After these discussions, children worked with visual artist Martina Galvin to come up with initial ideas for their own public artworks. These included many imaginative responses, some of which also took the form of experiences or tours. Other suggestions included artwork for 3 dancers, a skatepark as an artwork, an artwork that might take you back to the time of the dinosaurs, as well as artworks designed for specific locations.

The young people kept individual project notebooks to store their ideas and gather their research. Myself and Martina discussed with the children the ways in which artists’ use notebooks. We brought some examples of our own notebooks to show them. The use of personal notebooks was a simple but very effective methodology giving students some sense of agency and personal investment in the project.

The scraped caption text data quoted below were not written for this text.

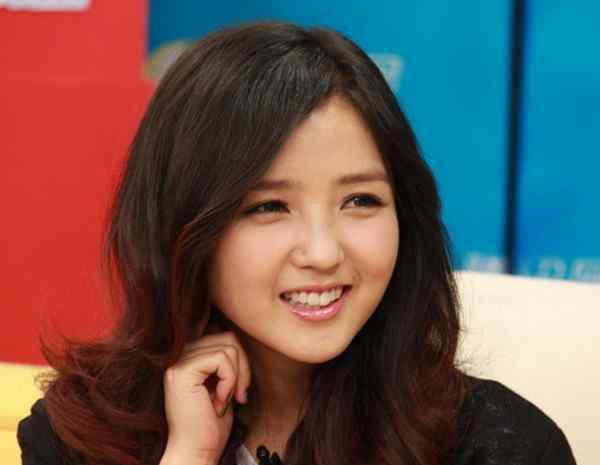 何洁的个人资料 何洁个人资料大揭秘 美丽女歌手变身小媳妇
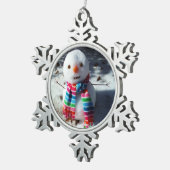 Schneemann mit Rainbow Scarf Schneeflocken Zinn-Ornament (Rechts)
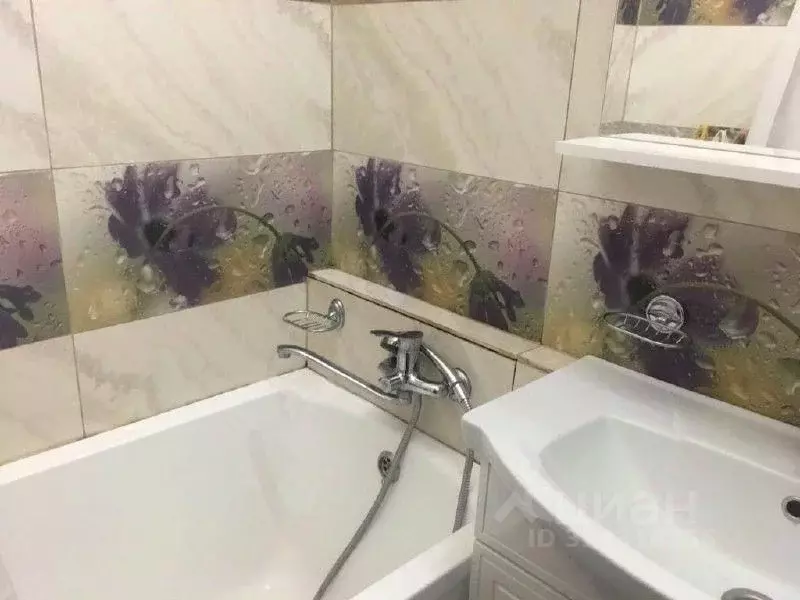 2-к кв. Краснодарский край, Геленджик Южный мкр, ул. Жуковского (62.0 ... - Фото 2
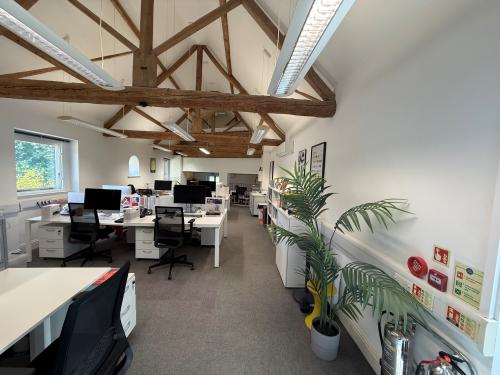 Unit 2, Abbey Barn Business Centre, Abbey Barn Lane, Flackwell Heath, High Wycombe, HP10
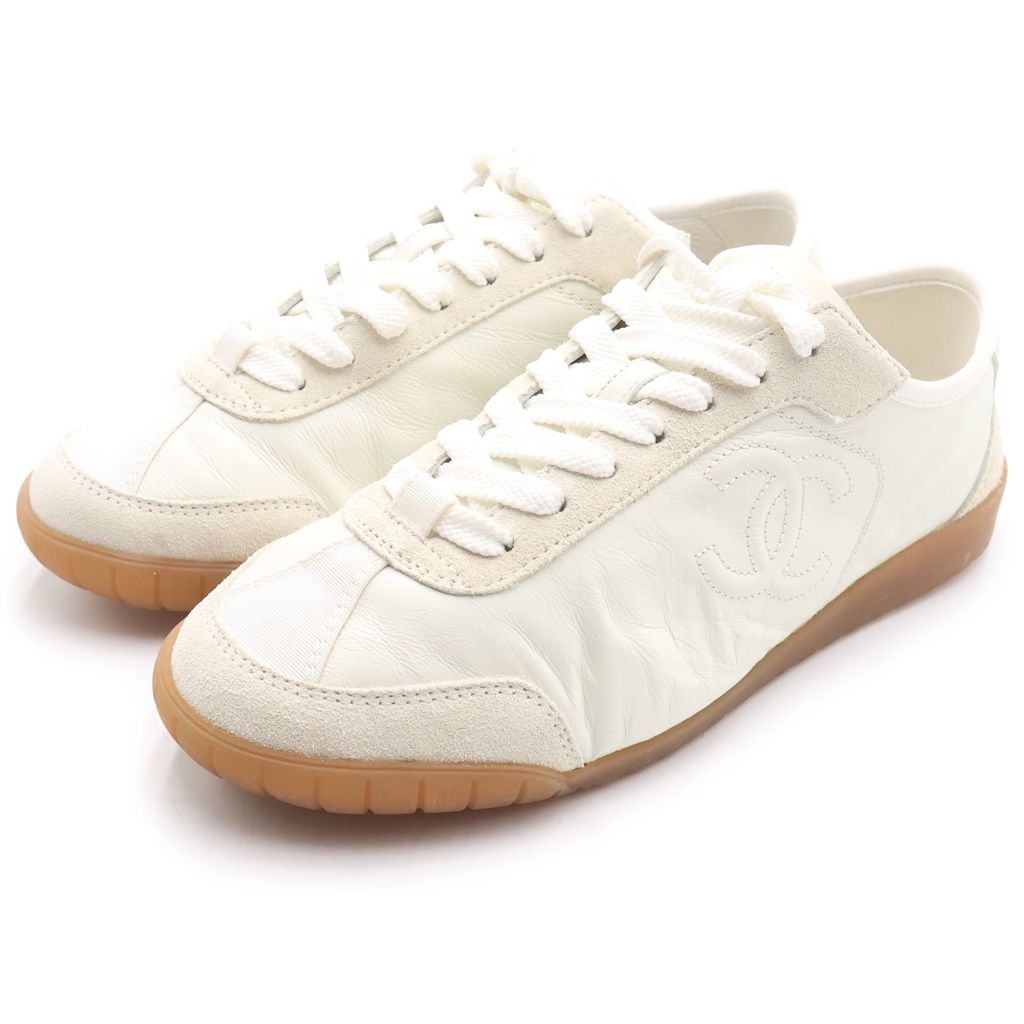 Chanel CC Logo Low Cut Leather Sneakers White — view 2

Back in the classrooms, we used photographs recorded by Martina as prompts to jog pupil’s memories and to initiate discussion of their experience of the port and to recount what it was like to see behind the scenes.

Marina Galvin, Artist

The “notebook’ as the collector of this rich array of materials and ideas, was a great way to give the children individual freedom but yet not lose their responses and creative ideas. I did provide them with a rich and diverse set of materials in the workshops, and this definitely helped move them from ‘traditional illustrations’ of what they saw, to developing imaginitive ideas. I took extensive photographs of the port trips and re visited the trip using these photographs to bring the port back to the classroom – ensuring we were not working from a blank canvas. For instance, they had a “smell” page in the notebooks and they put drops lavender or lemon grass oil on their notebook page. This corresponded directly back to the very, very strong smell of the grain storage depots in the port. We were all in awe that this grain is the only source of wheat for all the bread made in Ireland that we all consume!!  They also wrote out ideas, as I emphasised that ideas can be thought and written, not necessarily made. This allowed greater creative freedom. There were numerous examples of very individual responses, and I think that was part of the highlight of the project for me – enabling the children to have very individual creative process free from the necessity to materialise an idea.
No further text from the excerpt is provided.